Analysis interprets data at a deeper level. While reporting can link between cross-channels of data, provide comparison, and make understand information easier (think of a dashboard, charts, and graphs, which are reporting tools and not analysis reports), analysis interprets this information and provides recommendations on actions.
As reporting and analysis have a very fine line dividing them, sometimes it’s easy to confuse tasks that have analysis labeled on top of them when all it does is reporting. Hence, ensure that your analytics team has a healthy balance doing both.
Here’s a great differentiator to keep in mind if what you’re doing is reporting or analysis:
Reporting includes building, configuring, consolidating, organizing, formatting, and summarizing. It’s very similar to the abovementioned like turning data into charts, graphs, and linking data across multiple channels.
Analysis consists of questioning, examining, interpreting, comparing, and confirming. With big data, predicting is possible as well.
Reporting and analysis have the push and pull effect from its users through their outputs. Reporting has a push approach, as it pushes information to users and outputs come in the forms of canned reports, dashboards, and alerts.
Analysis has a pull approach, where a data analyst draws information to further probe and to answer business questions. Outputs from such can be in the form of ad hoc responses and analysis presentations.
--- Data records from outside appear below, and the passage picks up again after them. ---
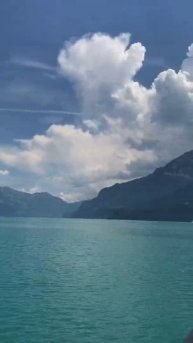 Швейцария озеро Brienzer в городе Interlaken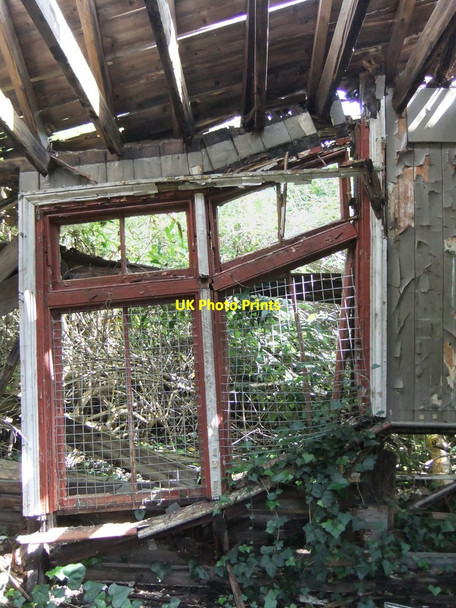 Photo 6"x4" The depth of dereliction: detail of the abandoned station at Goodwick Goodwick\/Wdig c2011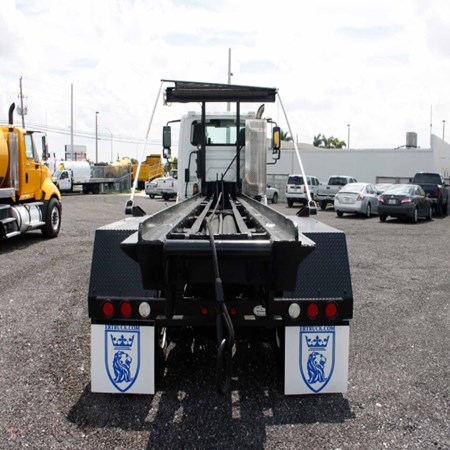 Used INTERNATIONAL 8600 Roll-Off Truck for sale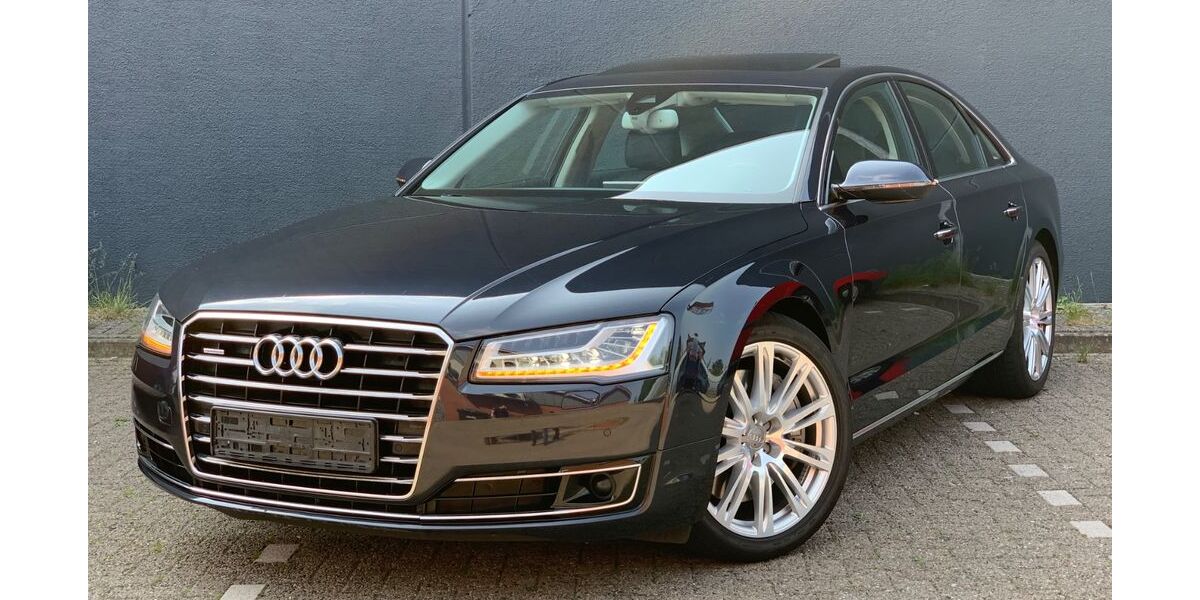 Audi A8 199.150 km 18.500 &euro; Stade 21682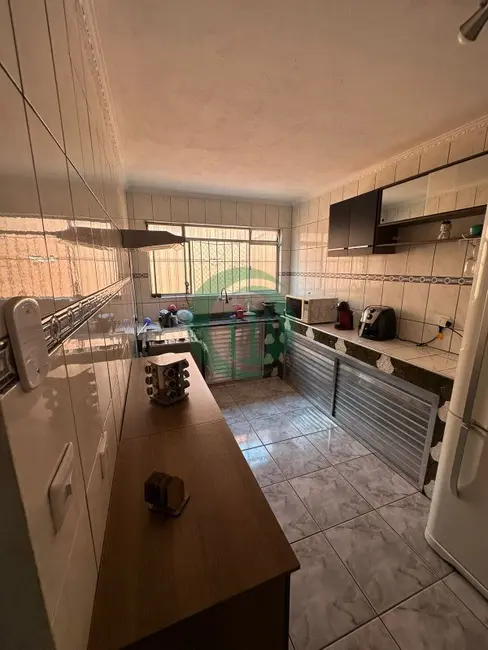 Foto 6 de Casa com 2 quartos à venda, 208m2 em Vila Linda, Santo Andre - SP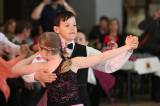 5G6H6838: Foto: Kutnohorský groš přilákal do Lorce desítky tanečních párů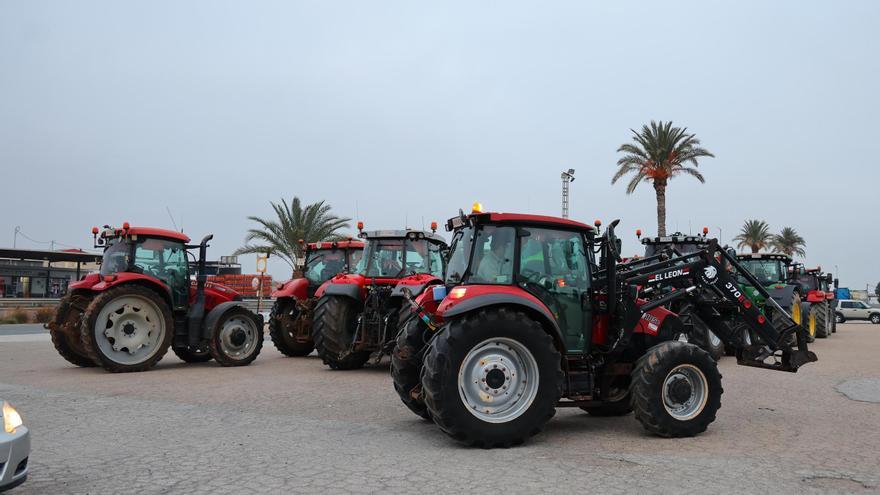 La protesta del campo en Murcia, en directo | Comienzan a concentrarse los primeros tractores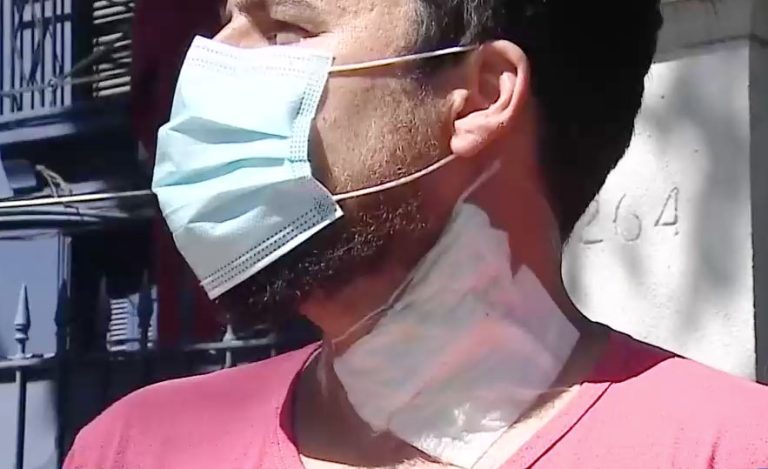 Acusan que líquido del carro lanza aguas provoca quemaduras en la piel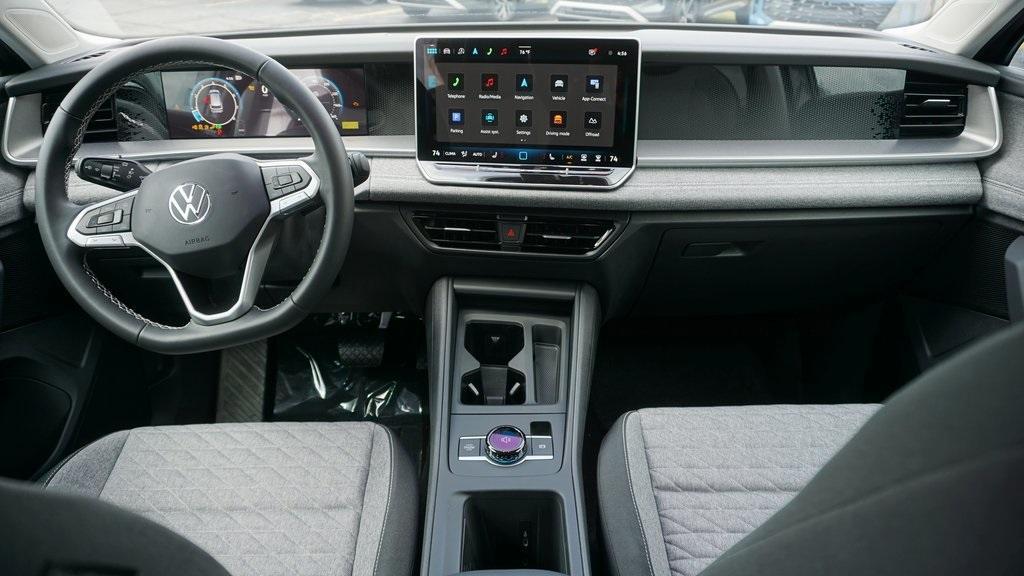 new 2025 Volkswagen Tiguan car, priced at $33,035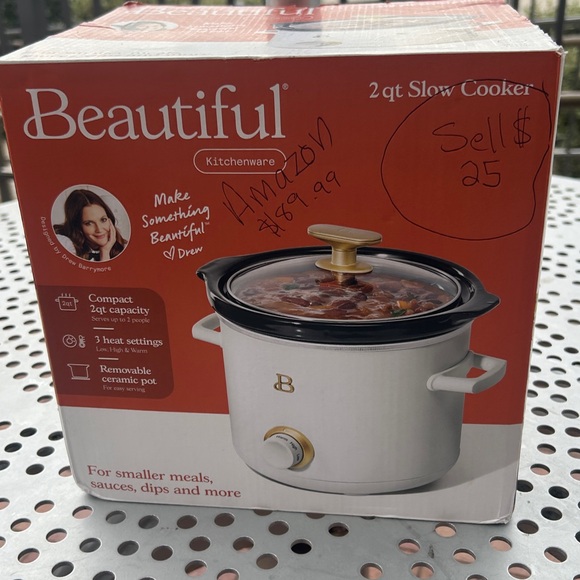 Beautiful Kitchenware White Slow Cooker - Picture 1 of 1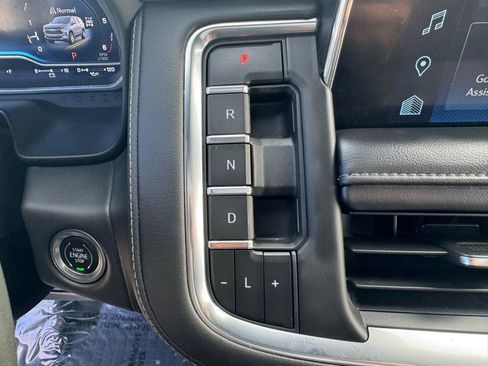 Used 2023 Chevrolet Tahoe Z71 w/ Luxury Package AWD/4WD image 27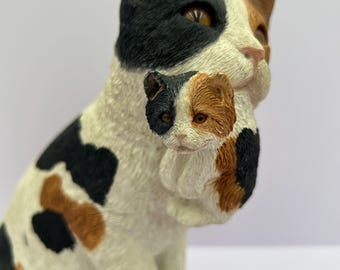 Vintage Sandicast Calico Cat & Kitten Sculpture – Susan Brue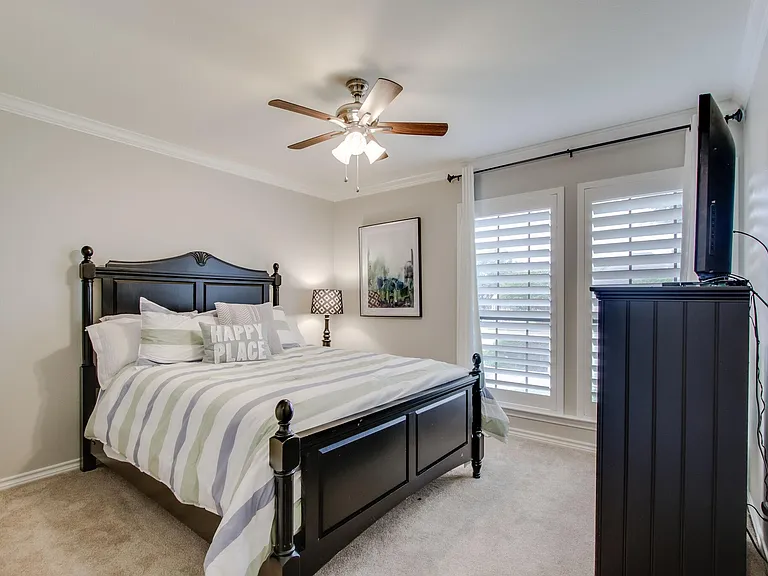 1325 Shamrock Ln — Photo 26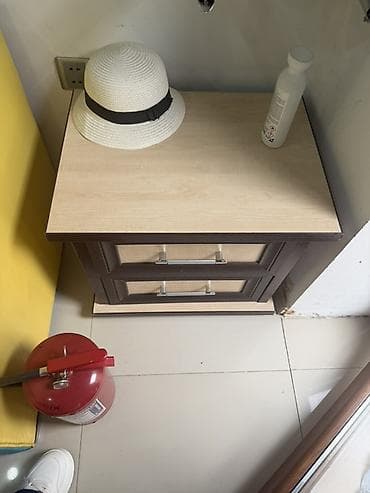 Ofis mebelləri dəsti Tərkib: - Künc modullu divan – mavi və açıq sarı — 2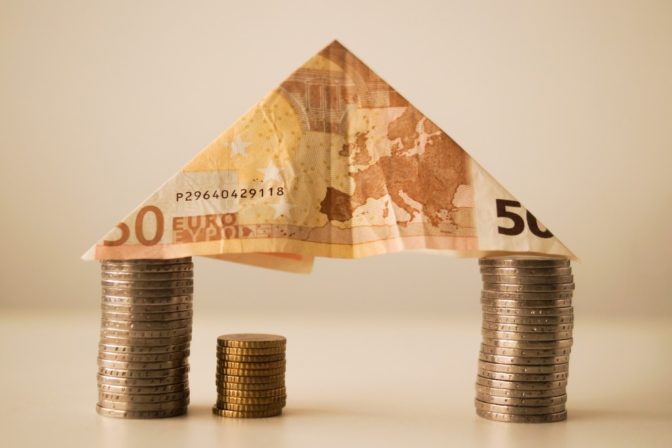 úvery, bývanie, dom, peniaze, euro, bankovky, mince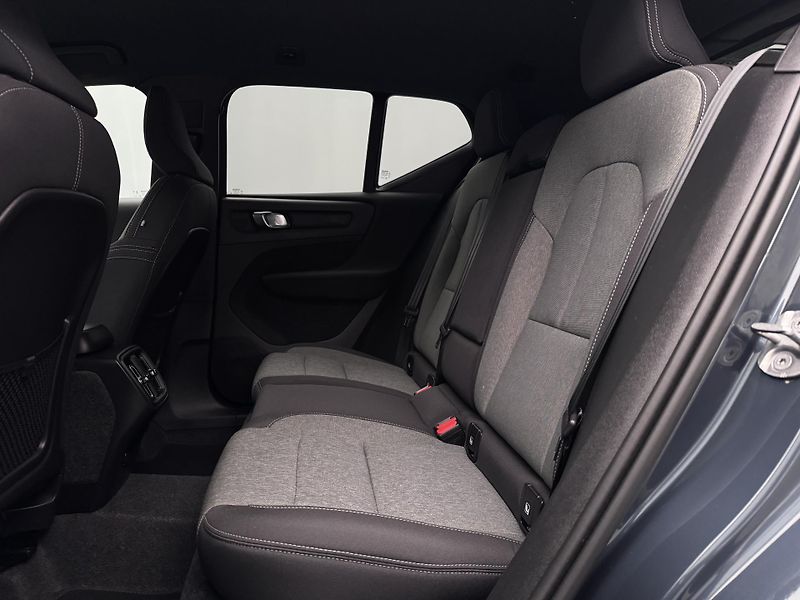 Volvo XC40 B3 DARK PLUS CZ 1.maj - fotka 6 z 48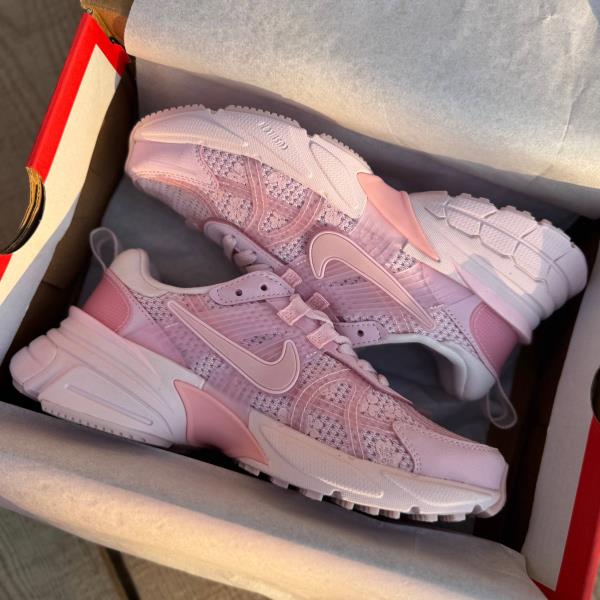 نایک وی تو کی ران صورتی Nike V2K Run 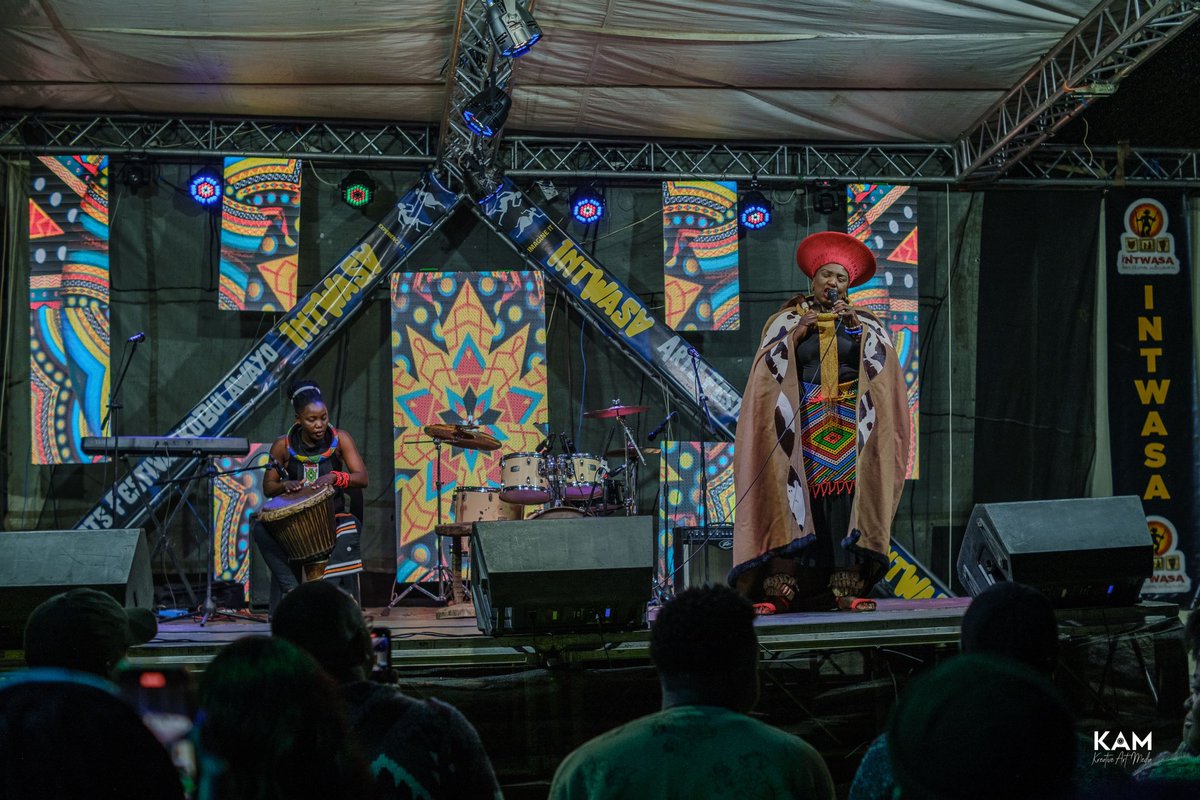 I always try and dress up for the stage. This was the Women Wine and Words look last Friday at Intwasa Arts Festival.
Analysis presentations are comprised of insights, recommended actions, and a forecast of its impact on the company—all in a language that’s easy to understand at the level of the user who’ll be reading and deciding on it.
This is important for organizations to realize truly the value of data, such that a standard report is not similar to a meaningful analytics.
Considering that reporting involves repetitive tasks—often with truckloads of data, automation has been a lifesaver, especially now with big data. It’s not surprising that the first thing outsourced are data entry services since outsourcing companies are perceived as data reporting experts.
Analysis requires a more custom approach, with human minds doing superior reasoning and analytical thinking to extract insights, and technical skills to provide efficient steps towards accomplishing a specific goal. This is why data analysts and scientists are demanded these days, as organizations depend on them to come up with recommendations for leaders or business executives make decisions about their businesses.
This isn’t about identifying which one brings more value, rather understanding that both are indispensable when looking at the big picture. It should help businesses grow, expand, move forward, and make more profit or increase their value.
This Path to Value diagram illustrates how data converts into value by reporting and analysis such that it’s not achievable without the other.
Data — Reporting — Analysis — Decision-making — Action — VALUE
Data alone is useless, and action without data is baseless. Both reporting and analysis are vital to bringing value to your data and operations.
Reporting and Analysis are Valuable
Not to undermine the role of reporting in web analytics, but organizations need to understand that reporting itself is just numbers. Without drawing insights and getting reports aligned with your organization’s big picture, you can’t make decisions based on reports alone.
Data analysis is the most powerful tool to bring into your business. Employing the powers of analysis can be comparable to finding gold in your reports, which allows your business to increase profits and further develop.